Iranian Air Force - Iraqi Aircraft
At least 115 combat aircraft flew to Iran from Iraq during Desert Storm, out of the total of 137-149 aircraft flown to Iran or crashed enroute, including military transports and commerical airliners. According to an official Iraqi statement, the combat aircraft included 24 Mirage F-1s, 4 Su-20 Fitters, 40 Su-22 Fitters, 24 Su-24 Fencers, seven Su-25 Frogfoots, nine Mig-23 Floggers, and four Mig-29 Fulcrums. Reports that Saddam Hussein ordered 20 Tu-22 bombers to Iran appeared unfounded. The reported orders in 1992 for Mig-27, -31, Su-22, and Tu-22M aircraft were either in error or failed to come to fruition as those aircraft types did not subsequently appear in Iranian inventory. In this period close to $2 billion was reportedly spent on foreign weapons systems.

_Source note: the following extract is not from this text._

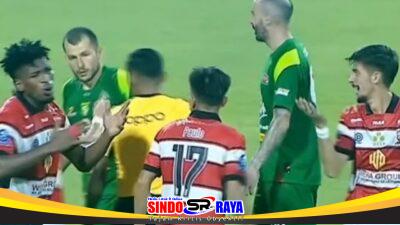 Gol Bruno Moreira Menangkan Persebaya atas Madura United di Derbi Suramadu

In 1993 it was reported that Russia was to provide Iran with spare parts, armaments, and operating manuals for the Iraqi jets that flew to Iran during the Gulf War. In 1993 it was also reported that China had bought an unknown number of these Mig-29s from Iran, in exchange for Chinese missile technology and a nuclear power station. The two countries had reportedly reached agreement on the exchange in late 1992, with Iran having delivered some of the Mig-29s by the end of 1992.

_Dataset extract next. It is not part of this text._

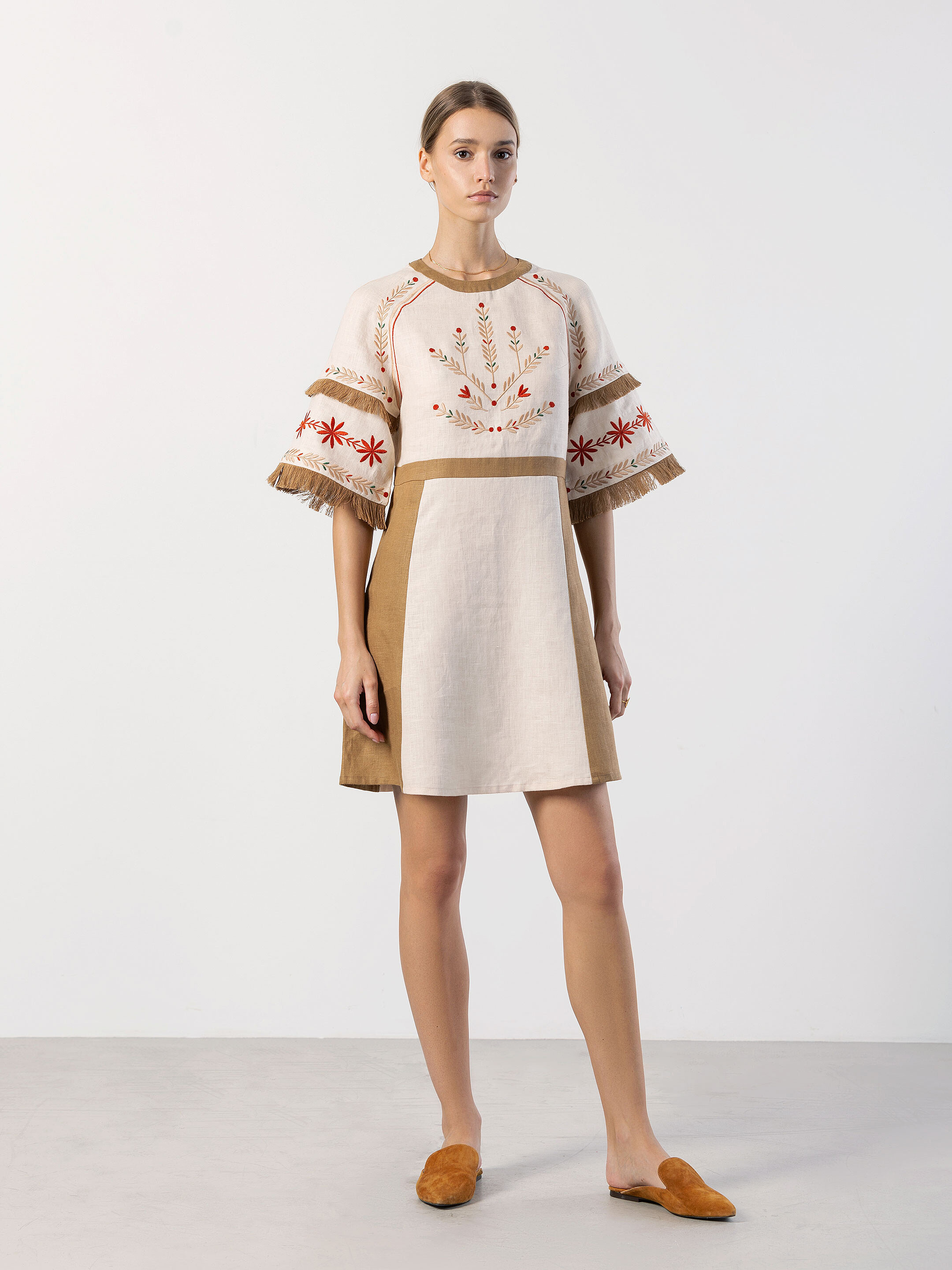 Embroidered beige dress with fringe BELL choose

MiG-23 | Bomber fighter | 12 | |
MiG-25 | Interceptor fighter | 7 | |
MiG-29 | Air superiority fighter | 4 | |
Mirage F-1 | France | Multipurpose fighter | 24 |
Su-20 | Bomber fighter | 4 | |
Su-22 | Bomber fighter | 40 | |
Su-24 | Fighter | 24 | |
Su-25 | Close support fighter | 7 | |
IL-76 | Strategic heavy transport | 15 | |
Total number | 137 |
On 05 August 2007 Lieutenant-General Kamal al-Barzanji, Iraq's air force commander, said he hoped Iran would return some of the Iraqi warplanes that fled to Iran ahead of the Gulf War in 1991. He conceded that many of them were probably beyond repair.
Iranian authorities denied reports that the country sent three Russian Sukhoi Su-25 jets to Iraq, Mehr news agency said 09 July 2014 citing a representative of Iran's Foreign Ministry Marzieh Afkham. The New York Times cited sources in the administrations of the US and Iraq earlier in the day as saying that Iran sent the jets for Iraq to use to fight militants from the Islamic State of Iraq and Greater Syria (ISIS). The paper specified the jets participated in several operations in the eastern Iraqi cities of Ramadi and Fallujah and in the northern town of Baiji, which hosts the country’s largest refinery. They were originally owned by the Iraqi Air Force and were sent to Iran for safekeeping during the military conflict in the Persian Gulf in 1991. The newspaper also cited Pentagon spokesman John Kirby as saying that the department had evidence that Iran had sent military advisers, aircraft, weapons and ammunition to Iraq.